Mais tarde, em sua última dessa série de mensagens, o Coacher completa: “se pra vc é tão ofensivo o dinheiro, capital, empresas e sociedade. Pq vc faz parte dela?”. Ok, eu tive que parar um instante para rir antes de responder. Aliás, o que responder para uma proposta tão impossível quanto ridícula? O Coacher parece ignorar que o sistema capitalista não é uma opção. É uma imposição; não há fuga, é onde estamos e não há sociedade fora da sociedade. Para o Coacher, chegamos ao fim da história, e o modelo, ao qual acata o Coacher, é, que ironia, o melhor e o mais perfeito, finalidade última do homem. Quem não gostar, que se retire.

Pausa para os risos novamente…

Adiante: “se pra vc é tão ofensivo o dinheiro, capital, empresas e sociedade. Pq vc faz parte dela? Porque utilizar da internet que as maiores empresas do mundo que mantém? É doentio se utilizar de um sistema de todas as benesses dele e querer o caos dele”.

Aqui, gostaria de atentar para o trecho “que as maiores empresas do mundo que mantém” e acrescentar uma pequena correção: não há internet sem usuários. Aliás, trabalhamos de graça gerando conteúdo para o amado Facebook. Mais uma vez, o Coacher inverte as coisas, algo natural à mentalidade mesquinha dos que não enxergam o produto do trabalho como proveniente do trabalhador, mas como manifestação mágica do empenho da empresa, a detentora dos meios de produção; na visão do Coacher, tão boazinha ao ceder emprego a esses animais sem imaginação que mal sabem apertar um parafuso direito… os trabalhadores.

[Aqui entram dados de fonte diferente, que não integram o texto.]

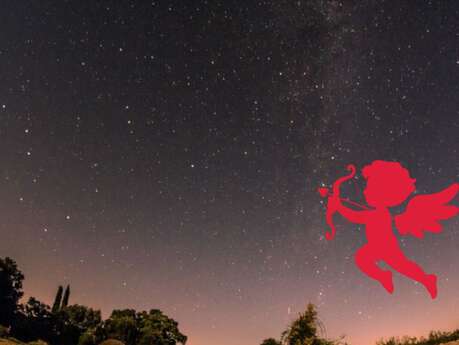 Saint Valentin dans les étoiles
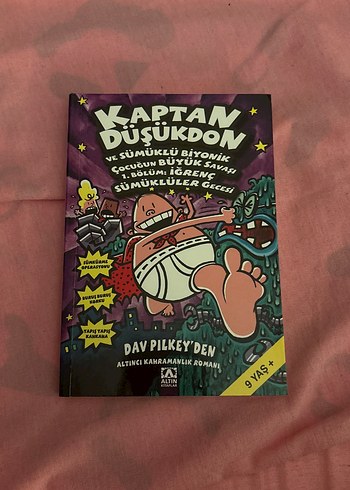Kaptan Düşükdon ve Sümüklü Biyonik Çocuk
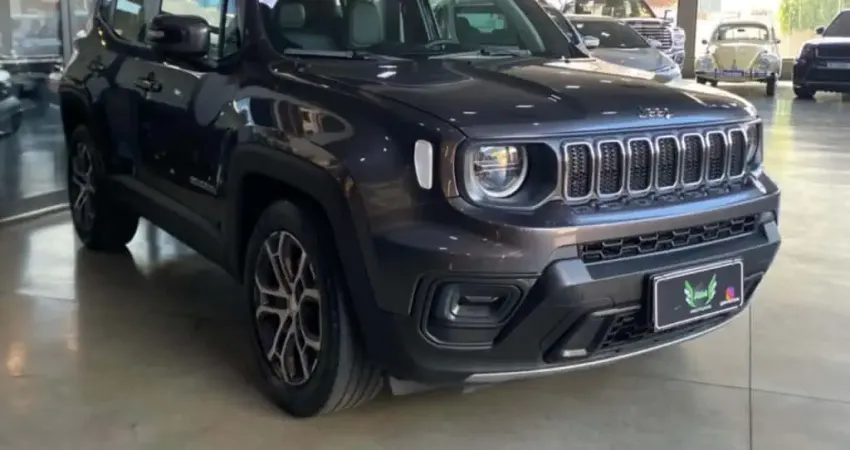 Jeep Renegade 2024 1.3 t270 turbo flex longitude at6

O Coacher finaliza com uma sugestão quase impositiva: “Procure tratamento”. De minha parte, concordo, ao que concluo: Tratamento? Vou procurar. Você recomenda Augusto Cury, Olavo de Carvalho, ou tem alguma leitura mais aprofundada além dessas?”

Amanhã prometo voltar ao capital de Marx e falar sobre o caótico dia que promete ser a primeira segunda-feira de operação totalmente remota do Seu Jornal, da Rede TVT. Mantenham-se vermelhos.